Par lettre du 29 mai 2024, le directeur général de la caisse a écrit à M. [O] pour lui indiquer qu’il envisageait de lui appliquer une pénalité dont le montant maximum était de 17 601, 84 euros et qu’il sollicitait ses observations.
M. [O] a écrit à la caisse le 12 juin 2024 pour contester lui avoir transmis cet arrêt, lui indiquant qu’il s’agissait d’une erreur de personne puisque sur cette période, il réalisait des missions d’intérim.
Le 4 juillet 2024, le directeur général de la caisse primaire d’assurance maladie du Val de Marne a retenu à son encontre une pénalité financière de 8 801 euros correspondant à 50% de la pénalité financière maximale encourue.

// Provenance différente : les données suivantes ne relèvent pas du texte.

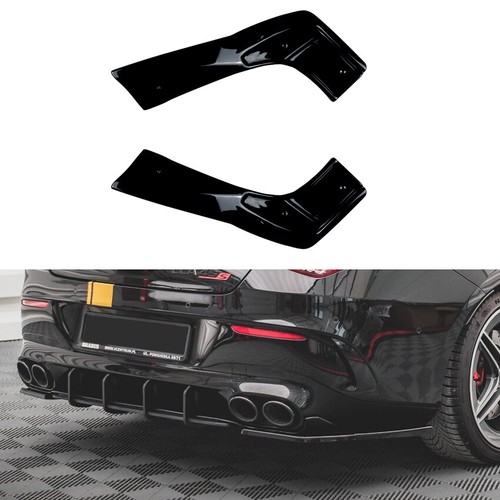 Rear diffuser side trim for - rear,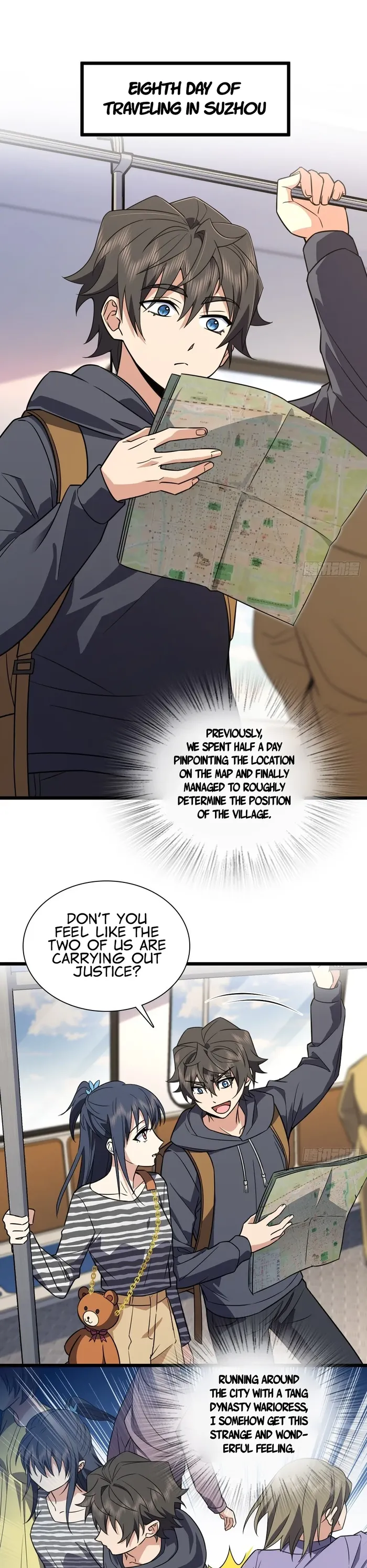 My Wife is from Thousand Years ago — Chapter 279 — page 2
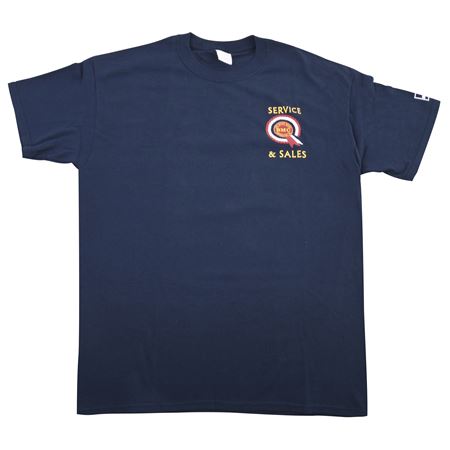 T Shirt BMC Sales & Service Navy - Moss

Après validation de cette décision par le directeur général de l'[1], par lettre recommandée du 20 août 2024, réceptionnée le 22 courant, la caisse primaire d’assurance maladie du Val de Marne a notifié à M. [O] une pénalité financière de 8 801 euros.
Le 24 septembre 2024, l’intéressé a transmis à la caisse la copie de ses contrats d’intérim.
Par requête du 29 octobre 2024, M. [O] a saisi le pôle social du tribunal judiciaire de Créteil aux fins de contester la pénalité.
Les parties ont été convoquées à l’audience du 19 février 2026.
M. [O] a comparu et a oralement demandé au tribunal d’annuler la pénalité financière.
Par conclusions écrites et soutenues oralement à l’audience, la caisse primaire d’assurance maladie du Val de Marne a demandé au tribunal de condamner le requérant à lui verser la somme de 8 801 euros à titre de pénalité financière avec intérêts au taux légal à compter du 20 août 2024 outre la somme de 1 000 euros au titre de l’article 700 du code de procédure civile et aux dépens.
MOTIFS :
Sur la pénalité financière
M. [O] soutient qu’il n’est pas à l’origine de l’arrêt frauduleux et qu’il travaillait comme intérimaire au sein de la société [2] lors de la période litigieuse.
Il indique sur interrogation du tribunal ne pas avoir été victime de faits d’usurpation d’identité autres que ceux relatifs à son compte [W].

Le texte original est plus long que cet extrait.